◆ YOUR ASSIGNMENT ◆
Below is a listing. Set down exactly the lines from the one containing "Property photo for" through the one containing "1106 N Alabama Avenue Property Photo 17", both ends included, and leave out the rest.

─── PROVIDED DATA ───

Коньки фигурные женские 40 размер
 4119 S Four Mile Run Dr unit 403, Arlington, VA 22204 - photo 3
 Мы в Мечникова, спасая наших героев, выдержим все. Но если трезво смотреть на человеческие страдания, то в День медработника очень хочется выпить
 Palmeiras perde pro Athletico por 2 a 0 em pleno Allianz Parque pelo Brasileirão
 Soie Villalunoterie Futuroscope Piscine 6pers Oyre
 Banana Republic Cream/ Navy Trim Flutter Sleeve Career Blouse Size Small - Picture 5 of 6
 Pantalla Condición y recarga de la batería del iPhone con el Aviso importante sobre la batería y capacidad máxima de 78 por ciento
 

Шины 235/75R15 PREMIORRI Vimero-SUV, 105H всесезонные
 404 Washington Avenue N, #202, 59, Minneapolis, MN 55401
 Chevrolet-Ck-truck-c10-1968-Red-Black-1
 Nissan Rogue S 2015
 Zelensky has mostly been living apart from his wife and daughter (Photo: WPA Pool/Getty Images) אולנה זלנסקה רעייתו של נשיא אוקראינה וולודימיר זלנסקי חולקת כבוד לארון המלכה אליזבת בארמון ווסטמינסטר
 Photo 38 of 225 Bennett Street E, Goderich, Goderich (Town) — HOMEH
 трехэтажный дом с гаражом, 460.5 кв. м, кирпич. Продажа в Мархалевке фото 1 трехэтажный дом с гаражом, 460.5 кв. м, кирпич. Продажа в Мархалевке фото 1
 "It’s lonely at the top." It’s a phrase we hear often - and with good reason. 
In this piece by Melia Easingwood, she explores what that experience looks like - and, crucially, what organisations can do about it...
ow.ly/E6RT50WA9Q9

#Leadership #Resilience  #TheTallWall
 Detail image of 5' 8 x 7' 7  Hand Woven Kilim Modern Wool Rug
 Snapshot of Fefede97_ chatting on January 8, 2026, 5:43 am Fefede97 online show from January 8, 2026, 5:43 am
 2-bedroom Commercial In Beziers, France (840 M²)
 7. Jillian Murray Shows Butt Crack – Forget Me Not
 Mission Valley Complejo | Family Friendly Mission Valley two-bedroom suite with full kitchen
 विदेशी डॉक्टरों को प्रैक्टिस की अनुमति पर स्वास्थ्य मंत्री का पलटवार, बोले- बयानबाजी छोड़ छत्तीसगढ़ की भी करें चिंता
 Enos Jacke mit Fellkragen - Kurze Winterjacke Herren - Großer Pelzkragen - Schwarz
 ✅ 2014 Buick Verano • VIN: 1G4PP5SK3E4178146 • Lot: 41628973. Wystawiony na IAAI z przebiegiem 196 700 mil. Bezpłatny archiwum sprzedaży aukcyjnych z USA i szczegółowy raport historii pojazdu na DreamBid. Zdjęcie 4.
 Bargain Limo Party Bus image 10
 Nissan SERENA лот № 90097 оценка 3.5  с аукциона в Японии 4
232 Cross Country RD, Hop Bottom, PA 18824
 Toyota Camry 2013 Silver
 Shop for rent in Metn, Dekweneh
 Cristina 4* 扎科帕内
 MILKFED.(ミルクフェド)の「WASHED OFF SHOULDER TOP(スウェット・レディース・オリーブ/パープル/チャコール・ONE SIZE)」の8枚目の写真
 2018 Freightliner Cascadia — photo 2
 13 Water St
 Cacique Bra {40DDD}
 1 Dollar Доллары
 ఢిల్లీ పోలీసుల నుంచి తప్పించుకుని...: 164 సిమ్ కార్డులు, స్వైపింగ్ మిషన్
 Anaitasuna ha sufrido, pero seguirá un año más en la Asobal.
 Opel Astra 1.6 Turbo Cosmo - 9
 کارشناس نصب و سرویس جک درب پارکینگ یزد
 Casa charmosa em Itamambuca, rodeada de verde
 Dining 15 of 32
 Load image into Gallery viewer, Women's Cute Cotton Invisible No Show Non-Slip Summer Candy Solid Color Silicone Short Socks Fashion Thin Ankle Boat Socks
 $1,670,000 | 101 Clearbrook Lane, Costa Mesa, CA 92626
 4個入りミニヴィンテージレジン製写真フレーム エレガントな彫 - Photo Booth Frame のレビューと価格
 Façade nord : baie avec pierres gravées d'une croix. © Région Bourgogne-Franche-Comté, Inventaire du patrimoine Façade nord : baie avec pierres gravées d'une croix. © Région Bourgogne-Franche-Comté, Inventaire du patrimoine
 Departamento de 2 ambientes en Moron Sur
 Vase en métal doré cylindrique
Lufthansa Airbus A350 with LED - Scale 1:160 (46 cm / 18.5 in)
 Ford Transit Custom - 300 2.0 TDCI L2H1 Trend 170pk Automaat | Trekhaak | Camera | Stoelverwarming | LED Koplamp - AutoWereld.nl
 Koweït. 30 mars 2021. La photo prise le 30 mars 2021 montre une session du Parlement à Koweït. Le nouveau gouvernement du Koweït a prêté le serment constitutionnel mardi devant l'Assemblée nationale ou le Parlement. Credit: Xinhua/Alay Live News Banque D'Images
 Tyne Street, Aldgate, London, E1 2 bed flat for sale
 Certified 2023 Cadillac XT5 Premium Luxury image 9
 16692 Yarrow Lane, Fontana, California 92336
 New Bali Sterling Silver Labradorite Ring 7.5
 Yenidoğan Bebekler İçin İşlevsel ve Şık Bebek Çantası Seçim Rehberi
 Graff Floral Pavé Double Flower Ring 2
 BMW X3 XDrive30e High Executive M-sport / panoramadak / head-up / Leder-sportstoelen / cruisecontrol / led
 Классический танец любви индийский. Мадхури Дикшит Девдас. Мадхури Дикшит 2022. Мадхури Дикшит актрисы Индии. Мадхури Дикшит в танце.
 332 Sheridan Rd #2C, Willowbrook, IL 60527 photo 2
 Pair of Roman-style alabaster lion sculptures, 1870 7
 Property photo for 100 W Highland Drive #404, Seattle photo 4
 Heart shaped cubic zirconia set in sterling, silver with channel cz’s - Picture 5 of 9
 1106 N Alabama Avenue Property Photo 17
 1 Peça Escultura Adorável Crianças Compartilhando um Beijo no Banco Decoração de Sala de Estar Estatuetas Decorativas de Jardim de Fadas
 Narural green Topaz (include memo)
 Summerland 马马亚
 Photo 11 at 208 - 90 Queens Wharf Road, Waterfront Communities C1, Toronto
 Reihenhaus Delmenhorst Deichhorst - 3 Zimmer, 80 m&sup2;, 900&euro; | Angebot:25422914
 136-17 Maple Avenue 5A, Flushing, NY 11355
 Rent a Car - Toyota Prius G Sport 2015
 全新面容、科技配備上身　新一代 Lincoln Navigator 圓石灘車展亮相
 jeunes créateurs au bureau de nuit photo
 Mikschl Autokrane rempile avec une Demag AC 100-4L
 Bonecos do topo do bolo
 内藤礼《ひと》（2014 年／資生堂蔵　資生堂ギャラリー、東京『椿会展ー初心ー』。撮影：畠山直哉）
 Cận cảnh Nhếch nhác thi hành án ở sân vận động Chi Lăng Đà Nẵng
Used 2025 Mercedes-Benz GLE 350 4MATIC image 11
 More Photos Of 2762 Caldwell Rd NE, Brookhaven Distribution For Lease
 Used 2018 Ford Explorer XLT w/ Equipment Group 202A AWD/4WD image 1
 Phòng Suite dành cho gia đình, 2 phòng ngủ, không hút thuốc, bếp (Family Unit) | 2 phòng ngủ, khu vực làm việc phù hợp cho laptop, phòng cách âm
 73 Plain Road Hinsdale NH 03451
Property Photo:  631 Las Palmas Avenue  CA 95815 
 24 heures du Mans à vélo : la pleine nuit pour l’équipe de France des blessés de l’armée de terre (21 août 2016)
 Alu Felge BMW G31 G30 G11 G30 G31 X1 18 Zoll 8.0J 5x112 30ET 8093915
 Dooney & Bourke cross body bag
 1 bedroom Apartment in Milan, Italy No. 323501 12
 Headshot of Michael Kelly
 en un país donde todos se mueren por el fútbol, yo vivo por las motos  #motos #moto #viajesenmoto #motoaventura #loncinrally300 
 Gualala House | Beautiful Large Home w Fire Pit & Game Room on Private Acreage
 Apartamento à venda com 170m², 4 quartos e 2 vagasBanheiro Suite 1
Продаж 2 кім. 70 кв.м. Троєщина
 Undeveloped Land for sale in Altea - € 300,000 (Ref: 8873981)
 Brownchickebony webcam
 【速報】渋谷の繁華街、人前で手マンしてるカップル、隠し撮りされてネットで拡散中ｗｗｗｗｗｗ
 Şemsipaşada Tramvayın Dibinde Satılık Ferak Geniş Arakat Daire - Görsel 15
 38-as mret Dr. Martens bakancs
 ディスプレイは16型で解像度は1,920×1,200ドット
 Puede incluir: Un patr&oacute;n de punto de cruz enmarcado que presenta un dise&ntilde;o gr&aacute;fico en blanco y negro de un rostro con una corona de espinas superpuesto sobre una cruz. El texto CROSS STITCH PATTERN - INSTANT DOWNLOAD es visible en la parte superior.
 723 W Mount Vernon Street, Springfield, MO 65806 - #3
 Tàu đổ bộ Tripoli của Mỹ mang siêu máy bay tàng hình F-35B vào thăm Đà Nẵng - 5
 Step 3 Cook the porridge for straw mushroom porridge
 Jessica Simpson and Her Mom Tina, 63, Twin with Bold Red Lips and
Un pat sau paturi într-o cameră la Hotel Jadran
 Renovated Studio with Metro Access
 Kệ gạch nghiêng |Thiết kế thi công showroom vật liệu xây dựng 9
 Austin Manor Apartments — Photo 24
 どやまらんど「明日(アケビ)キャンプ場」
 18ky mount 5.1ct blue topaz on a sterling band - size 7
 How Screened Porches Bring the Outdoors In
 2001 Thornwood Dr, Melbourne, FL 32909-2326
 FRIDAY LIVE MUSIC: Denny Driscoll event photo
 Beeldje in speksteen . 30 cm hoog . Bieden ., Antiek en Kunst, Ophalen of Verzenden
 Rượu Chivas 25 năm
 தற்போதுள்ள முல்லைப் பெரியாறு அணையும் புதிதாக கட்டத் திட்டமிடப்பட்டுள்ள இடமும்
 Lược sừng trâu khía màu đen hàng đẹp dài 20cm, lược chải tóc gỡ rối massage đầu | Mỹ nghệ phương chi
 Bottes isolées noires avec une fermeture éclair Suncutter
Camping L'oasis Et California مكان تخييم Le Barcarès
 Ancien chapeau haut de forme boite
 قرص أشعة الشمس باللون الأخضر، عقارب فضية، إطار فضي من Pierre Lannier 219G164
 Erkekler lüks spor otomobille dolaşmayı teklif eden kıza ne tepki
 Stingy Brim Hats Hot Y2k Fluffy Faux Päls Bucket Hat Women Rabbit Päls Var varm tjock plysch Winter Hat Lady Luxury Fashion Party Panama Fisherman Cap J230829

───

◆ RESULT FOR THIS EXERCISE ◆
 Property photo for 100 W Highland Drive #404, Seattle photo 4
 Heart shaped cubic zirconia set in sterling, silver with channel cz’s - Picture 5 of 9
 1106 N Alabama Avenue Property Photo 17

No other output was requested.